Former CEO Chuck Jones and ex-senior vice president Michael Dowling face charges of corruption, bribery, conspiracy and aggravated theft for paying $4.3 million to a future top utility regulator in Ohio who helped draft the bailout legislation known as House Bill 6 and delivered the company other favors. Both have pleaded not guilty.
During closing arguments that spanned two days, prosecutors drove home their argument that Jones and Dowling purposely corrupted Public Utilities Commission of Ohio chair-to-be Sam Randazzo for their own benefit. They said securing Randazzo's help to land coveted legislative and regulatory favors bolstered the Akron-based utility giant's bottom line, which was tied directly to the financial compensation of Jones and Dowling.
“They rigged a process that was supposed to be fair for everyone. Their corruption here was using power, influence and money for personal and corporate greed,” Special Assistant Attorney General Matthew Meyer told jurors Monday. “By cleverly structuring the timing and labels of their payoff to Sam Randazzo, these two captains of industry behaved like they were untouchable.”
The defense called that argument ridiculous, reiterating their position that the payment to Randazzo — delivered in early January 2019, before he was a candidate for the Public Utilities Commission of Ohio — represented an aboveboard legal settlement.
“Chuck Jones did not bribe Sam Randazzo,” Jones' attorney Carole Rendon told jurors on Tuesday. “He made a legitimate business decision to terminate a settlement agreement that was for Sam Randazzo's clients, the members of IEU-Ohio.” Industrial Energy Users-Ohio was one of Randazzo's businesses.
Text messages between the ex-executives and advice they were parsing for speaking to then-Gov.-elect Mike DeWine and then-Lt.
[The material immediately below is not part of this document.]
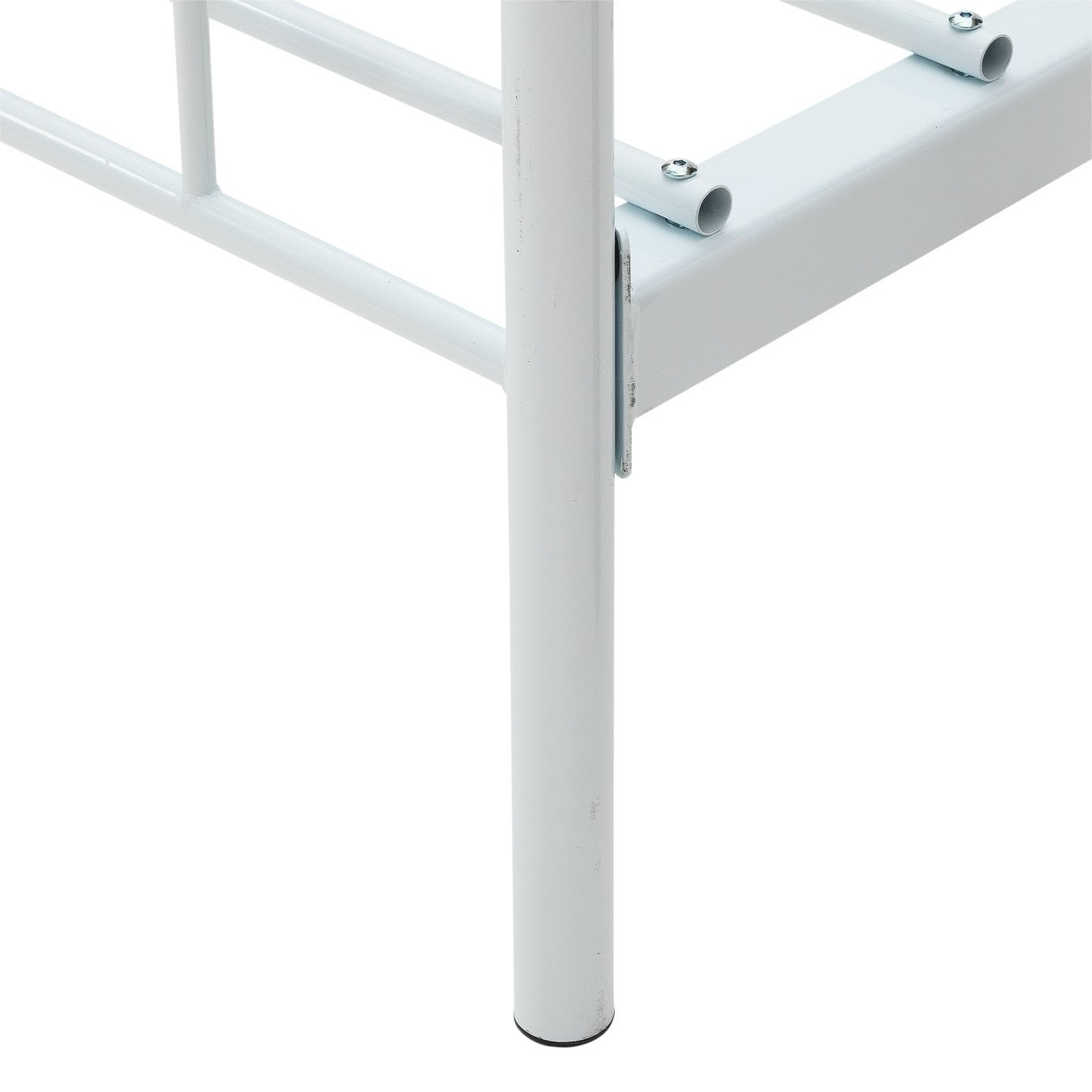 Home Abigail Single Metal Bed Frame - White | metal single bed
Gov.-elect Jon Husted, a current U.S. senator who testified at the trial — as well as evidence from various postelection meetings — were used as evidence that prosecutors said showed that the two men had a detailed plan for enriching themselves while taking advantage of Ohioans.
Dowling's attorney Steven Grimes told jurors Monday that the state failed to prove its case beyond a reasonable doubt. He said that almost everything prosecuting attorneys argued was based on the assumption that Dowling intended that $4.3 million go to Randazzo, a premise contradicted by the evidence.
Grimes said that the defense cherry-picked a series of events from years ago to paint a picture that Dowling conspired with Randazzo and Jones, but that the evidence presented did not show with certainty that is what happened.
“I’ve been fighting for Mike for a long time. And this is it. I’m done fighting. I get to turn it over to now,” he told jurors. “You guys are the safeguards. You’re the constitutional protection that Mike has. You’re what he’s got. And so when you go back there in your jury room, please demand the details. Don’t compromise. Listen. Respect your fellow jurors. Talk it out. But don’t accept these assumptions. Keep up the fight for Mike. Send him home.”
FirstEnergy admitted as part of a nonprosecution agreement in 2021 to underwriting the $60 million scheme in which former Ohio House Speaker Larry Householder elected allies, secured power, passed the nuclear bailout bill and then defended it from a citizen referendum with the dirty-tricks campaign.
Householder was convicted of racketeering alongside lobbyist and former Ohio Republican Party chair Matt Borges in 2023. Jurors sentenced Householder to 20 years for orchestrating the scheme and Borges got five. Two other political operatives also pleaded guilty to their roles and a dark money group admitted in court to serving as a conduit for the cash. A fourth Householder associate charged in the scheme, powerful Statehouse lobbyist Neil Clark, died by suicide in 2021.
Randazzo took his own life in 2024 after pleading not guilty to a litany of state and federal charges. Some of the gritty details that have taken place in the case over the past five years were not shared with jurors in Akron, where Summit County Common Pleas Judge Susan Baker Ross has overseen the Jones and Dowling case for six weeks.